-------- SUPPLIED RECORDS --------
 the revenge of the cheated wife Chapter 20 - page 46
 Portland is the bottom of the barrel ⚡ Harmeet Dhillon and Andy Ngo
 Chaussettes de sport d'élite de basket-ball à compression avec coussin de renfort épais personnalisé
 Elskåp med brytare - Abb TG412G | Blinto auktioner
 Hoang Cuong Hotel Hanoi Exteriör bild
--------
-------- SUPPLIED RECORDS --------
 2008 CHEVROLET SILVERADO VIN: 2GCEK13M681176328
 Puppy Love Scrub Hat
--------
The entries above hold the needed span. Transcribe exactly the lines from the one with "2008 CHEVROLET SILVERADO" to the one with "Puppy Love Scrub Hat", both included.

### YOUR SOLUTION
 2008 CHEVROLET SILVERADO VIN: 2GCEK13M681176328
 Puppy Love Scrub Hat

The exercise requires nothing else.